## EXERCISE REQUIREMENTS
Leave out all images and set down the records exactly as given.

## PROVIDED ENTRIES

BEGIN

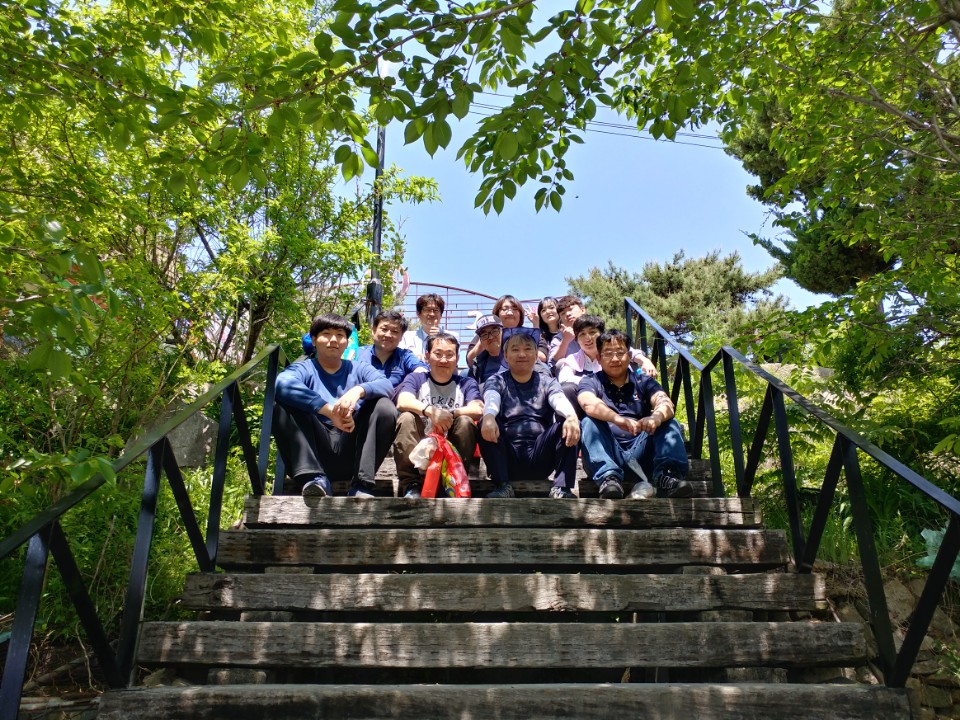 2017 춘계 워크샵 KakaoTalk_20170429_164719497.jpg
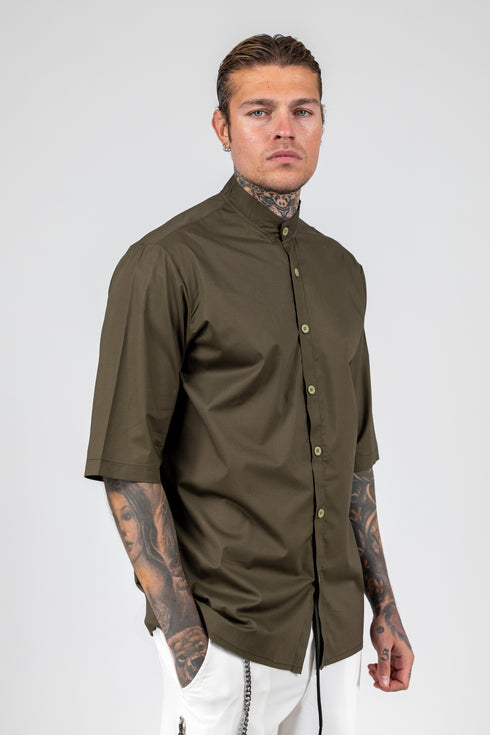 Navaro Shirt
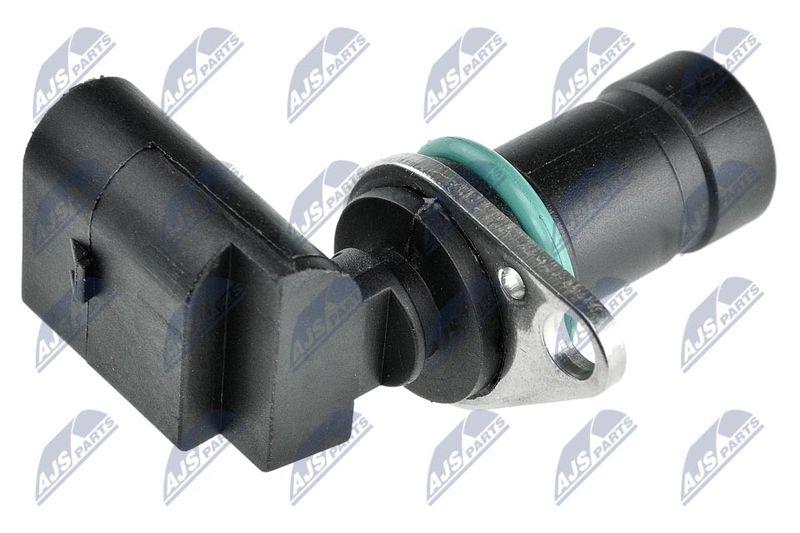 Capteur d'angle, vilebrequin NTY ECP-BM-008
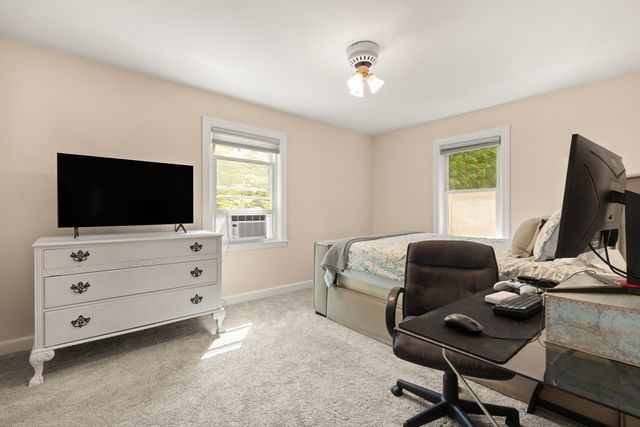 7 Marie Ave, Sharon, MA 02067
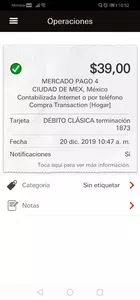 Cobro de diamantes más no abonados en free fire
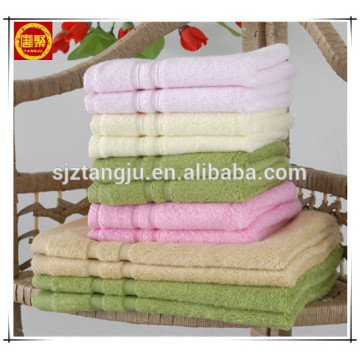 surf poncho beach microfiber towel, microfiber towel, tea microfiber towel
surf poncho beach microfiber towel, microfiber towel, tea microfiber towel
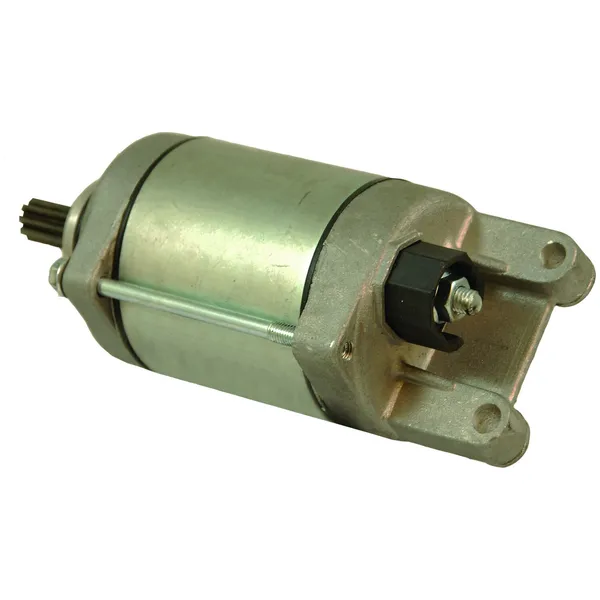 Démarreur Parts Europe - vue 7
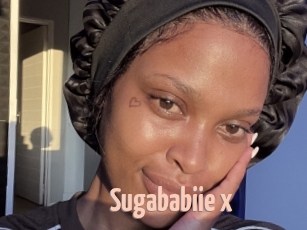 Sugababiie_x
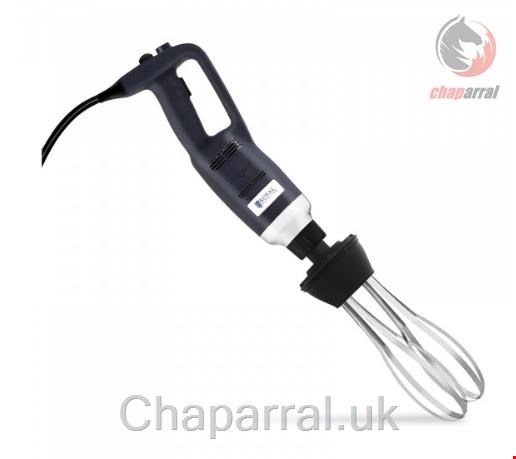 همزن برقی صنعتی رویال کترینگ آلمان Royal Catering RCSM-500-WP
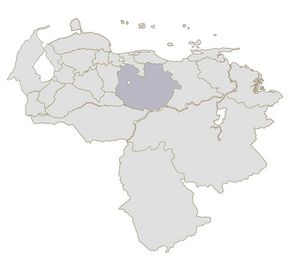 Estado-guarico.jpg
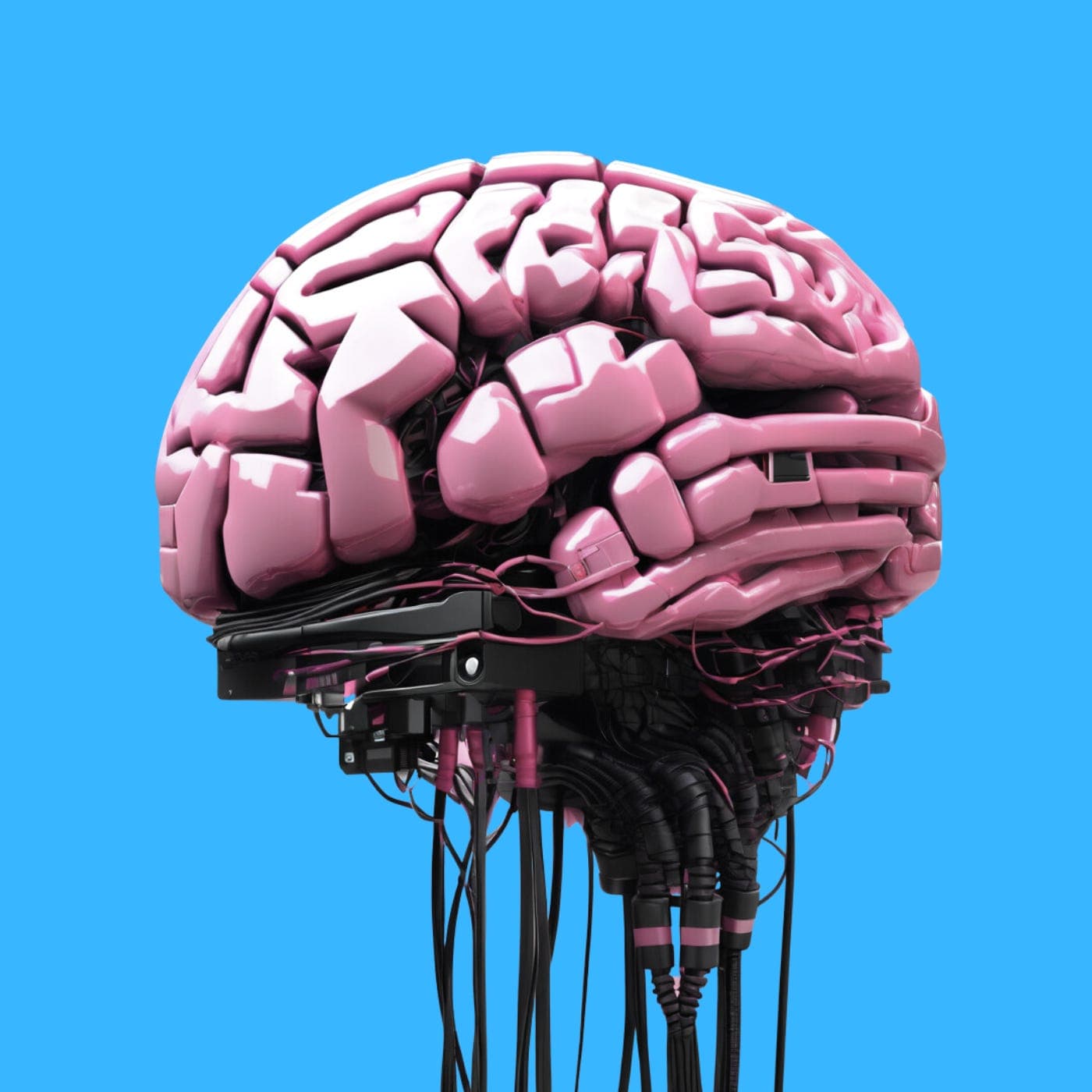 Realtime AI waifus, Qwen 3.5, persistent memory, multiplayer gameplay, new image models: AI NEWS - AI Search cover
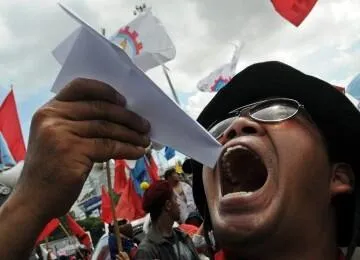 Guys, Masa Lalumu Tak Selalu Soal Mantan. Mari Bernostalgia Berjamaah dengan 25 Mainan Ini Yuk! 29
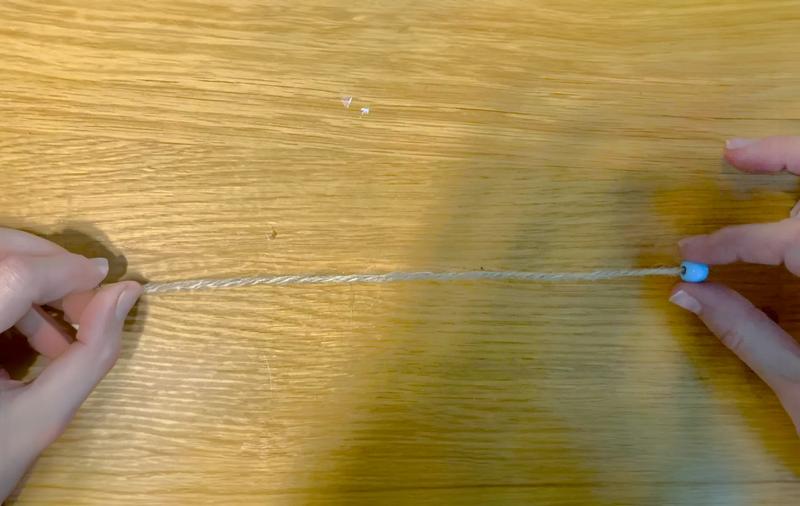 single exercise image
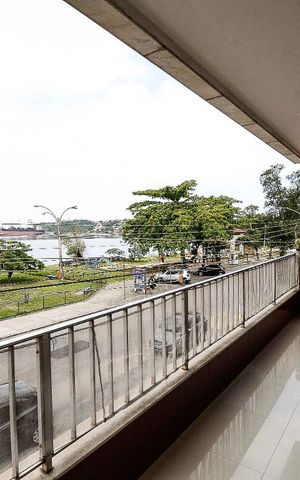 Apartamento à venda com 179m², 4 quartos e 3 vagasvaranda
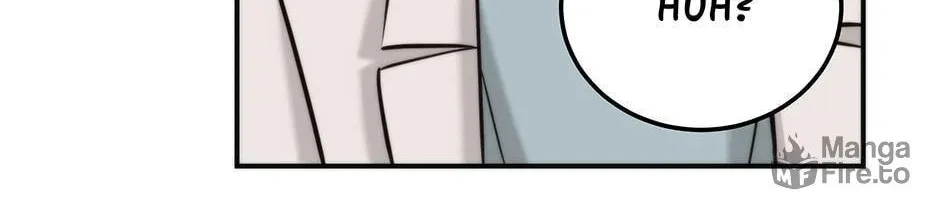 Read The Ghost Doctor chapter 179 image 131 on Lezhin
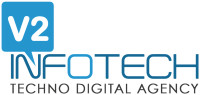 V2Infotech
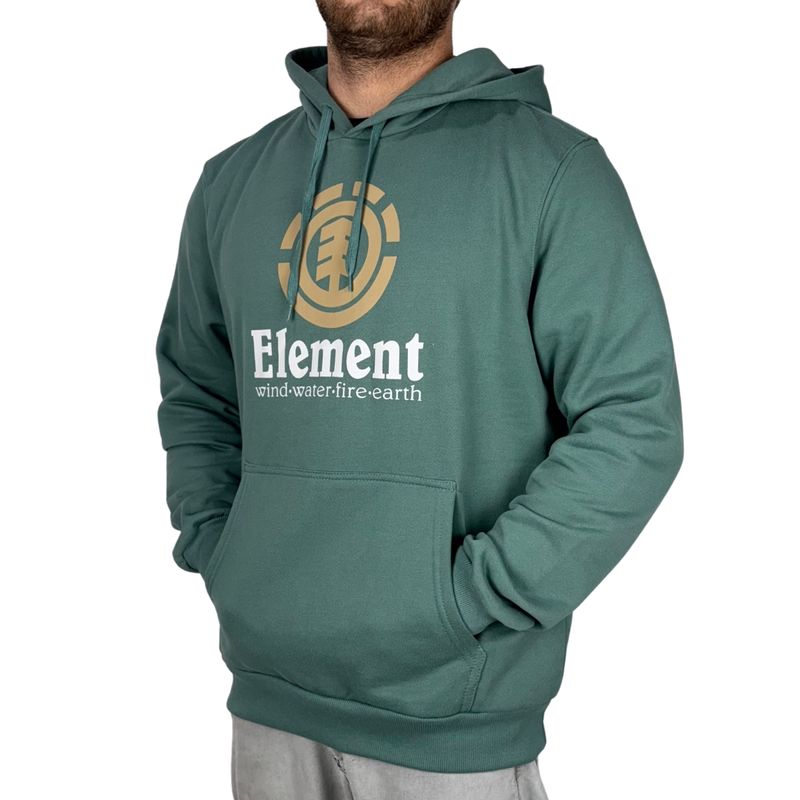 moletom-element-fechado-vertical-colors-e422a0102--3-.jpg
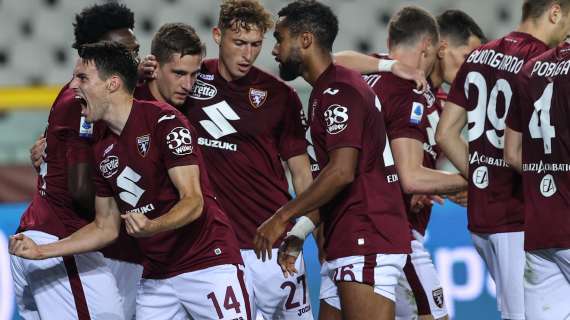 La Stampa - Torino, per sbloccare il mercato in entrata serve la cessione di Bremer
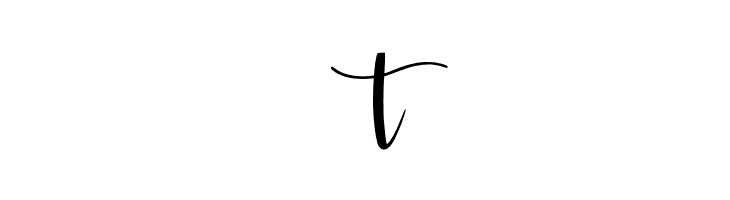 Chrisbellin  Free Fonts Download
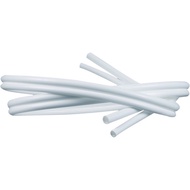 AMWAY eSpring Tubing
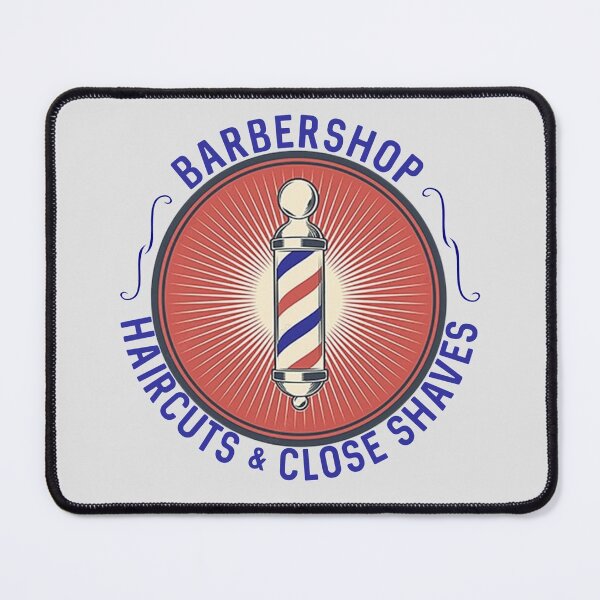 Item preview, Close Shaves designed and sold by designbyjodyb.
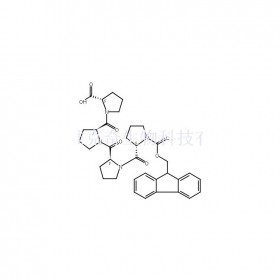 454693-96-0維克奇自制中藥標(biāo)準(zhǔn)品對(duì)照品,實(shí)驗(yàn)室直供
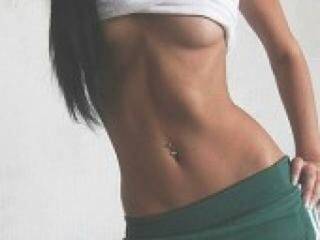 צ'אט וידאו ארוטי zestgirl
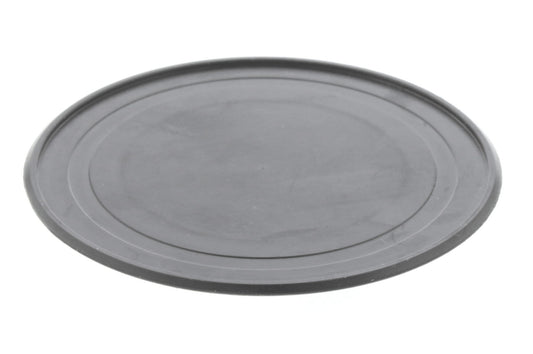 VEMO Alternator Freewheel Clutch V10-23-0009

END

## REPLY TO THE TASK
 2017 춘계 워크샵 KakaoTalk_20170429_164719497.jpg
 Navaro Shirt
 Capteur d'angle, vilebrequin NTY ECP-BM-008
 7 Marie Ave, Sharon, MA 02067
 Cobro de diamantes más no abonados en free fire
 surf poncho beach microfiber towel, microfiber towel, tea microfiber towel
surf poncho beach microfiber towel, microfiber towel, tea microfiber towel
 Démarreur Parts Europe - vue 7
 Sugababiie_x
 همزن برقی صنعتی رویال کترینگ آلمان Royal Catering RCSM-500-WP
 Estado-guarico.jpg
 Realtime AI waifus, Qwen 3.5, persistent memory, multiplayer gameplay, new image models: AI NEWS - AI Search cover
 Guys, Masa Lalumu Tak Selalu Soal Mantan. Mari Bernostalgia Berjamaah dengan 25 Mainan Ini Yuk! 29
 single exercise image
 Apartamento à venda com 179m², 4 quartos e 3 vagasvaranda
 Read The Ghost Doctor chapter 179 image 131 on Lezhin
 V2Infotech
 moletom-element-fechado-vertical-colors-e422a0102--3-.jpg
 La Stampa - Torino, per sbloccare il mercato in entrata serve la cessione di Bremer
 Chrisbellin  Free Fonts Download
 AMWAY eSpring Tubing
 Item preview, Close Shaves designed and sold by designbyjodyb.
 454693-96-0維克奇自制中藥標(biāo)準(zhǔn)品對(duì)照品,實(shí)驗(yàn)室直供
 צ'אט וידאו ארוטי zestgirl
 VEMO Alternator Freewheel Clutch V10-23-0009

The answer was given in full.